Photograph by Josh Monken
In the fall of 1993, the first Bosnian refugees arrived in St. Louis. “I think we sponsored 32 that year,” says Anna Crosslin, president and CEO of the International Institute of St. Louis. “Then the program started growing.” The institute sponsored another 7,000 refugees, and Catholic Charities Refugee Services sponsored another several thousand. Then the secondary migration began: Bosnians who’d resettled in other cities moved here, encouraged by relatives who boasted that St. Louis had better housing and more jobs.
Today, the institute estimates St. Louis’ Bosnian population to be almost 70,000.
The Bosnian refugees worked, saved, and bought their own homes in the blocks between South Kingshighway and South Grand boulevards, south of Chippewa Street. They opened restaurants and coffeehouses in the city, injected cash into local banks and shops, and helped property values shoot up.
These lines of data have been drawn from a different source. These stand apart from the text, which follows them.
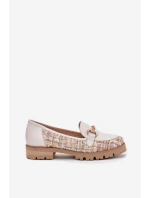 Skórzane Mokasyny Damskie Ze Złotym Detalem Laura Messi 2938 Jasnobeżowe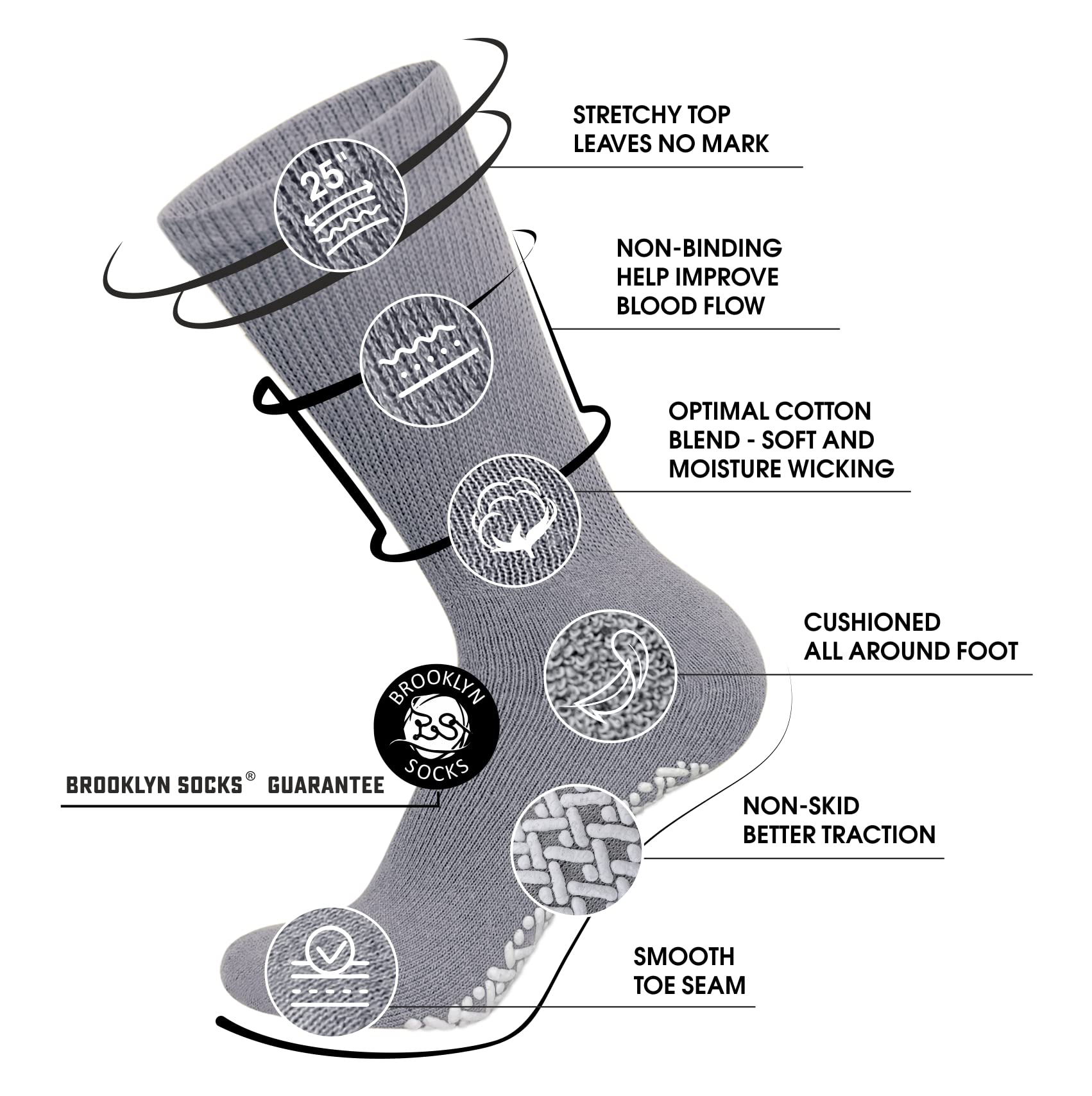 Brooklyn Socks breathable moisture-wicking design helps feet stay cool.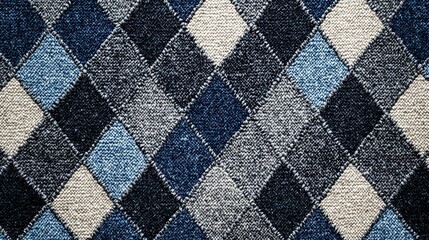 Fototapeta premium Classic argyle pattern with diamonds in muted shades of grey and blue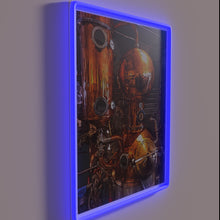 Load image into Gallery viewer, Steampunk Distillery Decor Sign with Brass &amp; Copper RGB Neon Accents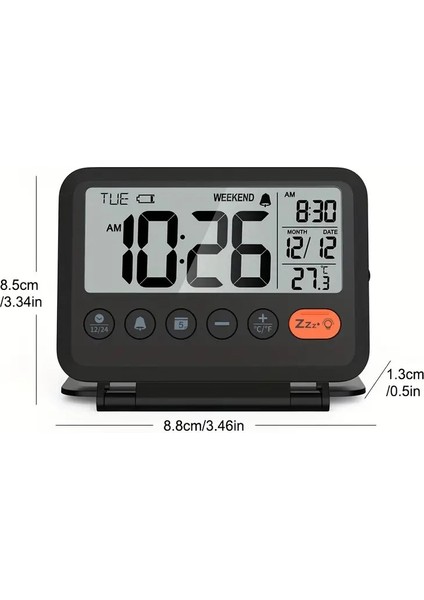 Mini Katlanabilir Takvim LCD Ekran Sıcaklık Göstergeli Masa Saati Seyehat Ofis Çok Fonksiyonlu 2 x Aaa Pil Dahil Değildir fırsatları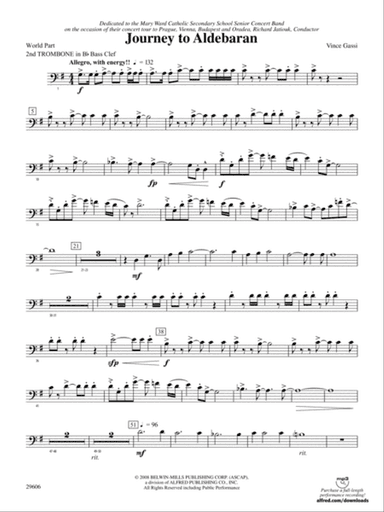 Journey to Aldebaran: (wp) 2nd B-flat Trombone B.C.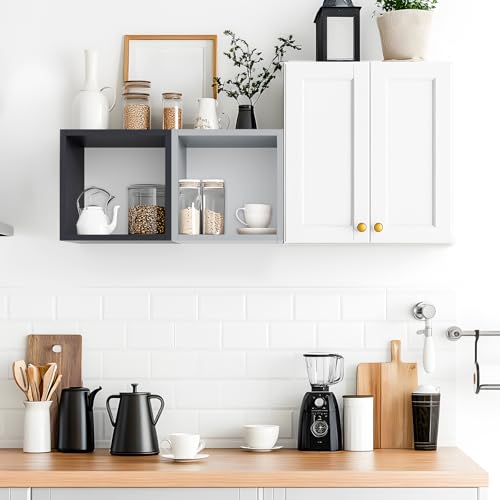 Cube Floating Shelves Set2, Display Shelves Wall Mount 7.75" D x 12.5" W x 12.5" H, (Gray, Square 2 Cubes) - color: Grey, size: Square-Set2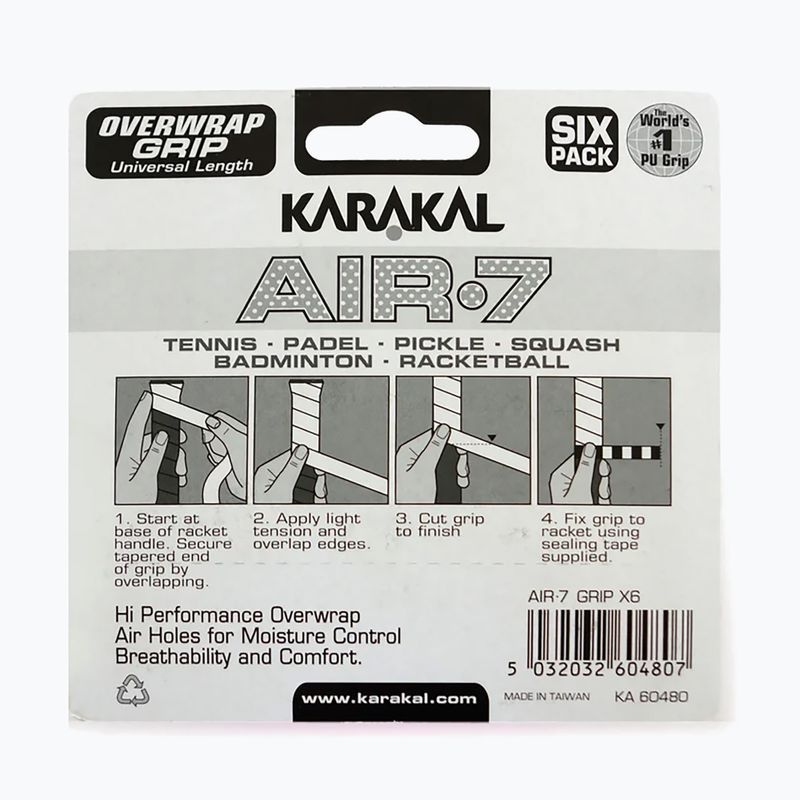 Învelișuri de squash Karakal Air 7 Overwrap Grip 6 pack blue 2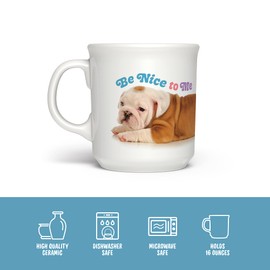 Genuine Fred SAY ANYTHING MUG, BE NICE TO ME, 16 Ounce Ceramic Mug, Multicolor, Dishwasher Safe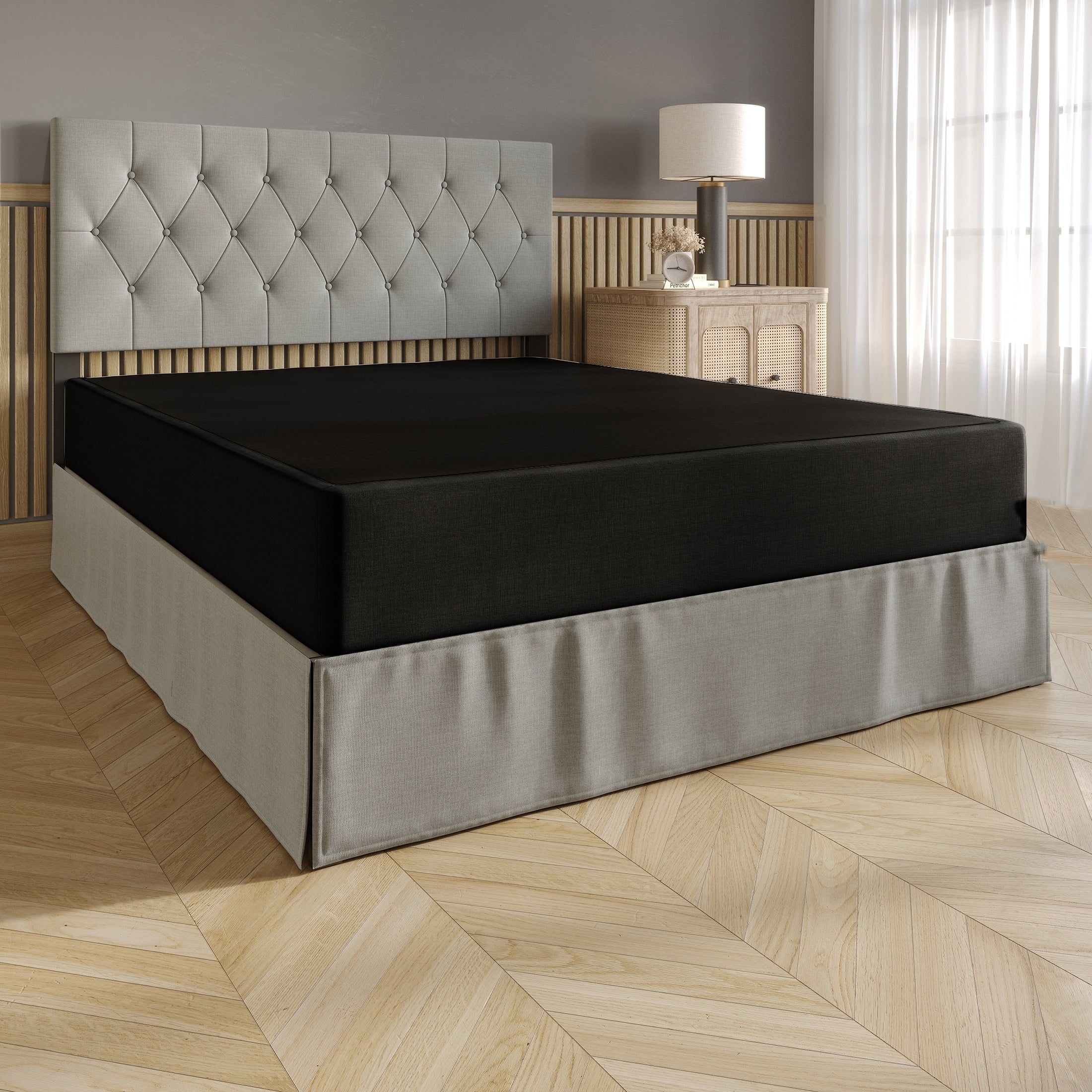 CraftPorch - Letto a molle in metallo rivestito in lino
They raised those South City property values so high, in fact, that the Bosnians who moved here from other cities had to go straight to more affordable homes in Affton, Lemay, and Bayless.
Many of the Bosnians who bought in the city eventually moved, too, wanting bigger houses and yards in better school districts. Bosnian names started showing up on the high-school soccer rosters in Crestwood, Fenton, Oakville—and most recently, deep Jefferson County.
But instead of abandoning the city neighborhoods they’d transformed, many Bosnians kept those homes and became landlords. “I sign rental checks frequently for new refugees, from Nepal or Iraq or wherever, and recognize the names,” Crosslin says.